Tuesday, September 6, 2011

Peace and (Dis)order

The recent rains prompted me to go through the stuff I have been keeping in storage for, well, goodness knows how long...

I could have easily tossed out all the excess files in the trash can that morning, but as usual, curiosity and the urge to browse slowed down the sorting process and I was once again looking at the mountain of paper that become a haven to bookworms, silverfish, and 'dust bunnies'.

I focused on the contents of a shelving unit that stood in the corner. There were some novels that were handed down by my mother (a voracious reader who has more time to enjoy at her stage in life at past prime) and several inspirational books that I picked up from book sales over the years.

...then I noted in dismay that there must be at least two more boxes of books that I haven't brought out since we moved to this apartment more than a year ago...

I ended up moving my modest collection(s) of magazines to my bedroom. I had one set that was on travelling, another that was a year's subscription of National Geographic, another on home decorating, and yet another on the fascinating stories of high society. Though I scarcely read through an entire issue at a time, I keep the magazines for an occasional dose of light reading.

I lingered on the huge pile of documents and miscellaneous files, all sorted in folders and binders. They should have been properly kept in a metal filing cabinet, but I decided against getting one since I was so convinced that I could keep the paper stream under control.

The subjects of scrutiny were: training manuals from the courses I delivered or developed when I was working for a call center, modules on coaching and leadership development, materials from the conferences and seminars I attended as a delegate from time to time, excess worksheets and lesson outlines from the years that I worked as an ESL instructor (there were essays written by my students, photocopied sections from references such as textbook and academic journals, notes and handouts from my French, Spanish, and Italian classes conducted by my co-instructors).

I even dug up materials from my university days: term papers, copies from required readings, a published script from "The Apartment", film critiques, shooting guides. As I went through them I recalled discussions from discourse analysis exercises in class.

Even after tossing out a basketful of paper, I still felt that resistance to part with the contents of the remaining folders, which are research materials and references.
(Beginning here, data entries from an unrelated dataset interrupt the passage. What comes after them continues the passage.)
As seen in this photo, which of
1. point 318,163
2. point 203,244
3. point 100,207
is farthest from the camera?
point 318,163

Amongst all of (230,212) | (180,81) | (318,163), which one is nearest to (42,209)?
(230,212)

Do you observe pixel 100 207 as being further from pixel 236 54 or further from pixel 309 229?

One would think there should be less need for hard copies what with search engines and wikis --- but I reasoned I could never completely trust anything that’s copy-pasted or inadequately researched.
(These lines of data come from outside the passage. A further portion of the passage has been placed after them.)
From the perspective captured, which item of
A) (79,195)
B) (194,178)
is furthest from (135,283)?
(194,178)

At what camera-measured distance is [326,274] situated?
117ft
I feel a sense of calm whenever I sit down to sort things. There is something comfortingly familiar about flipping through pages that open a wealth of knowledge, insight, and even memories. Skimming through files felt like opening tiny drawers in my head and letting ideas leap at me like the little critters that were agitated by my sorting.

Another day was ending, and it looked like the decluttering chore was just starting. In the battle for control over the physical chaos housed in this 12’ by 8’ utility-cum-guest room, I realize that the 'hoarding instinct' is a long, long way from surrendering.